▼▼▼

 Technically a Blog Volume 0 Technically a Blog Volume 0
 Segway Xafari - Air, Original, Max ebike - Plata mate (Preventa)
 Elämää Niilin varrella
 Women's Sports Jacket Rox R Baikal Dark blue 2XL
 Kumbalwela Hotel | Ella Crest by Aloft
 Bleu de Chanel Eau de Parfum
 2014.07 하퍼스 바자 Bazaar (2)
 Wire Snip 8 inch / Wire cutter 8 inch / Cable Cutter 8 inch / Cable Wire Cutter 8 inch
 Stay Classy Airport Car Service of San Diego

▲▲▲
▼▼▼

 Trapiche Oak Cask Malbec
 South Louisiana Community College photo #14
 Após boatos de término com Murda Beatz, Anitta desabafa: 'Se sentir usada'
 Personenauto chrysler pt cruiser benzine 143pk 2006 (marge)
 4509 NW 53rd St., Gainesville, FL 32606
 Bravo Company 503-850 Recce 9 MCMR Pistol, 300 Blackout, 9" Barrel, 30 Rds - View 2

▲▲▲

[ACTIVITY]
Copy exactly the stretch of data above from the line with "Technically a Blog Volume 0 Technically" through the line with "Stay Classy Airport Car Service of San Diego", and omit all other lines.

[THE COMPLETED TASK]
 Technically a Blog Volume 0 Technically a Blog Volume 0
 Segway Xafari - Air, Original, Max ebike - Plata mate (Preventa)
 Elämää Niilin varrella
 Women's Sports Jacket Rox R Baikal Dark blue 2XL
 Kumbalwela Hotel | Ella Crest by Aloft
 Bleu de Chanel Eau de Parfum
 2014.07 하퍼스 바자 Bazaar (2)
 Wire Snip 8 inch / Wire cutter 8 inch / Cable Cutter 8 inch / Cable Wire Cutter 8 inch
 Stay Classy Airport Car Service of San Diego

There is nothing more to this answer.